Dataset excerpt:
___

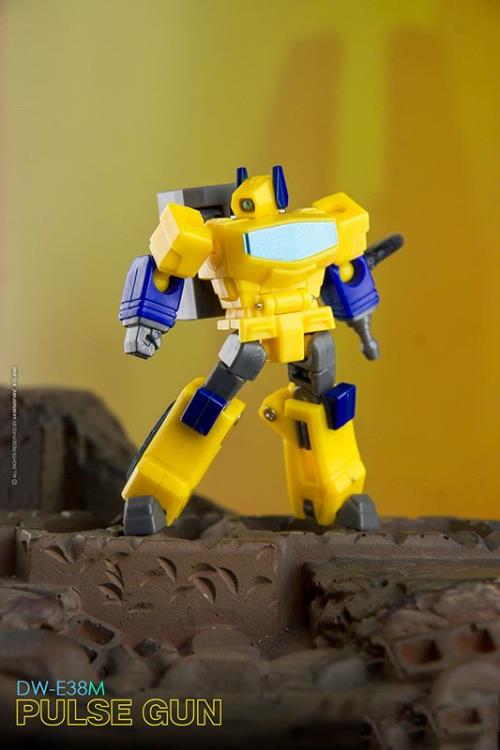 Dr. Wu DW-E37M Leap and DW-E38M Pulse Gun Plastic Figure Set - View 15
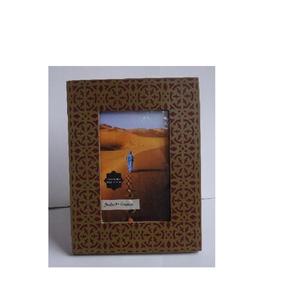 Cadre photo avec impression dorée sur fond rouge, avec d'autres impressions et couleurs disponibles dans toutes les tailles de photos - Product Image 5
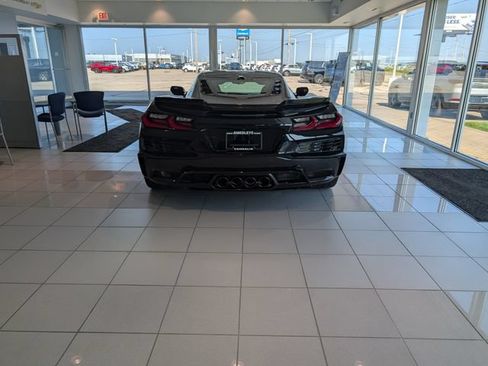 Used 2025 Chevrolet Corvette Z06 RWD image 6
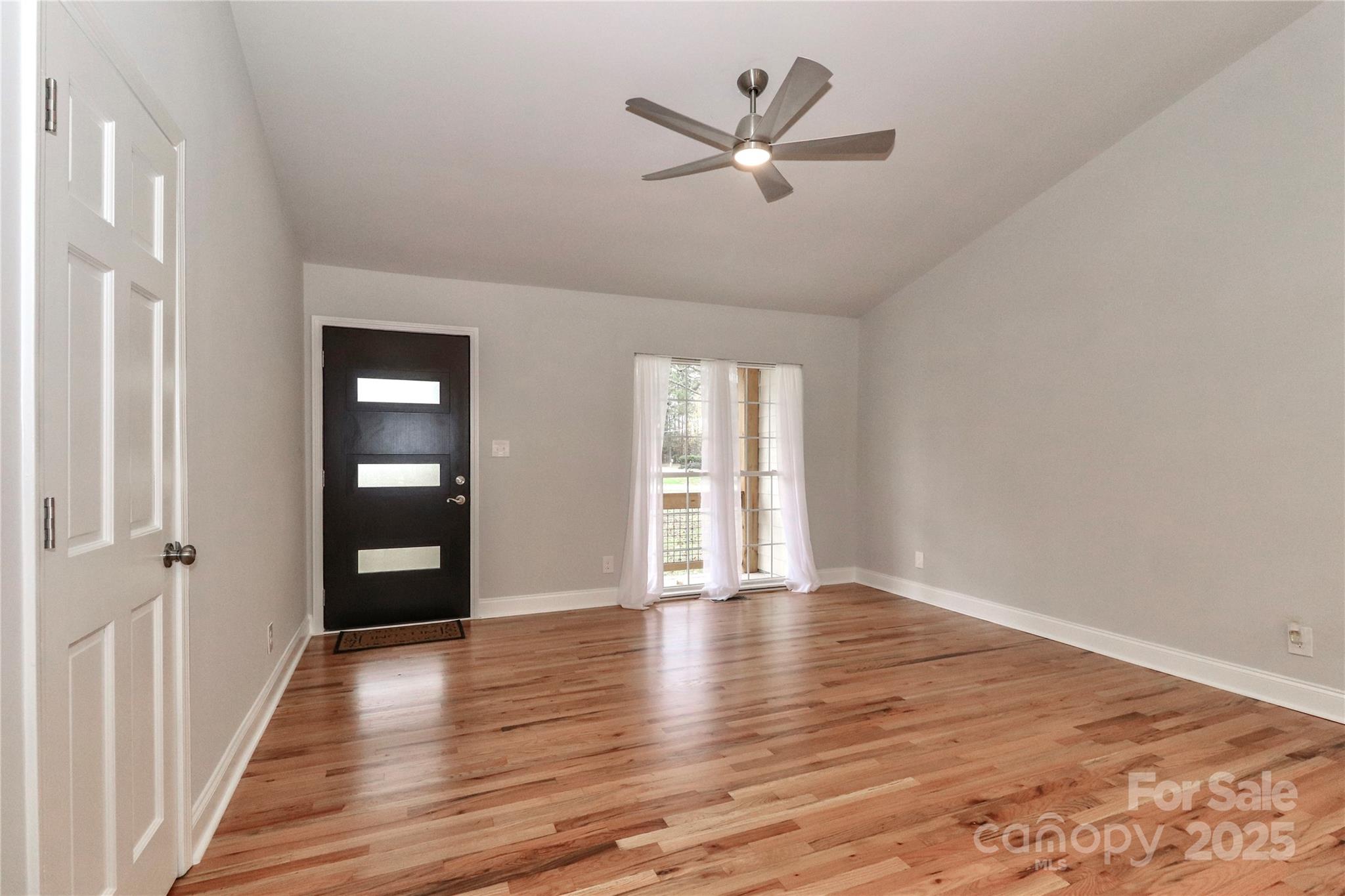105 Pelican Court Property Photo 12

___

Goal of the exercise: Skip the pictures. Return exactly the lines from the one containing "Used 2025 Chevrolet Corvette Z06 RWD image 6" through the end of the data above, both included, and nothing besides.

Answer box:
 Used 2025 Chevrolet Corvette Z06 RWD image 6
105 Pelican Court Property Photo 12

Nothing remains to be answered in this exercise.